In 1867, the first volume of Marx’s magnum opus Das Kapital was published in Hamburg. Marx’s analyses of capitalism were rigorous and comprehensive. The work dealt with important Marxian concepts such as the division of labor (and a description of the degeneration of the social lives of workers to a thing-like status as mere tools of capitalists), surplus value (the observation that workers do not receive the use-value, but only the exchange-value of their labor), and the industrial reserve army (the account of how unemployment harms workers but tends to benefit capitalists by keeping down the price of labor). However, these detailed analyses and evaluations of existing capitalist societies stand in stark contrast to the comparatively superficial treatment of his conception of the economic workings of socialism.

As Lenin once said, "Marx did not leave us a 'Logic' (with a capital 'L'), but he did leave us the logic of 'Capital'". Above all political and economical implications, Das Kapital is the place where Marx's original Dialectic appears in its full difference from Hegel's (Dialectical) Logic.
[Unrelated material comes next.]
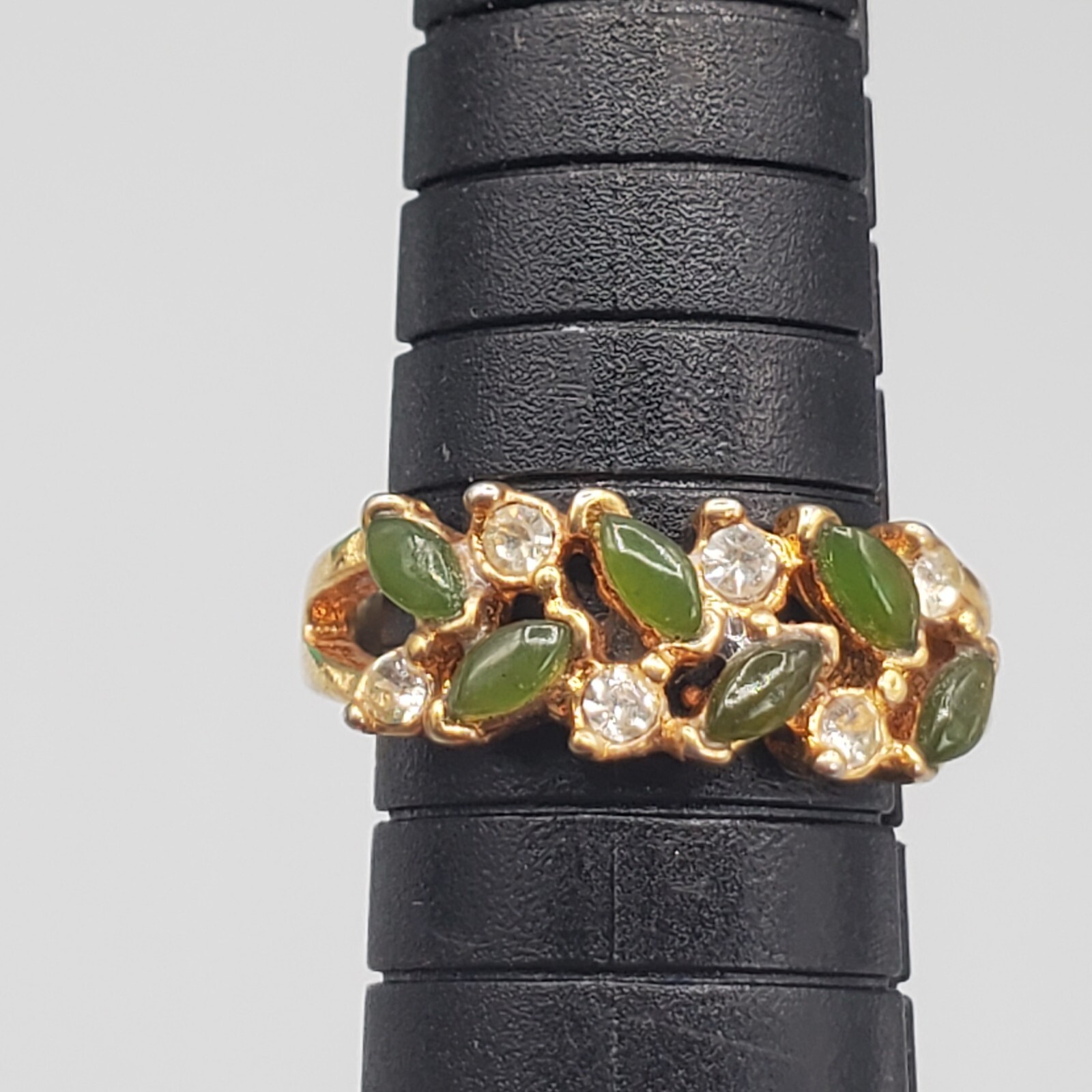 Vintage UNCAS Ring Gold Tone Rhinestone Faux Jade Right Hand Size 6.5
For Marx, such a single and abstract "Dialectical Logic" is impossible because humans deal each time with "the specific logic of a specific subject" ("die eigenthümlishe Logik des eigenthümlishen Gegenstandes", as Marx said once in Zur Kritik der Hegelschen Rechtsphilosophie). So the dialectical "flow" of categories, each one into the next one, appears here primarily as the self-movement of Capital and production, and not as a self-movement of "pure" logical entities. Structurally, this opens a way to detecting various kinds of dialectical oppositions and contradictions, and also various kinds of measures and quantity/quality relations (structural options both neglected in Hegel's Logic).

In addition, Marx's "logic of Capital", as compared to Hegel's Logic, presupposes a different ontological status for logical concepts, and even a different status for dialectical demonstration (the latter is actually represented by the text of Das Kapital as a whole). To put the point in one statement, Marx's "logic of Capital" proved out to embody a kind of "materialistic Dialectic" which was not only ontologically but even structurally different from the one developed in Hegel's Logic. For me personally, this methodological implication of Das Kapital seems to exceed in its philosophical importance all that had been said there about the "division of labor", "surplus value" etc.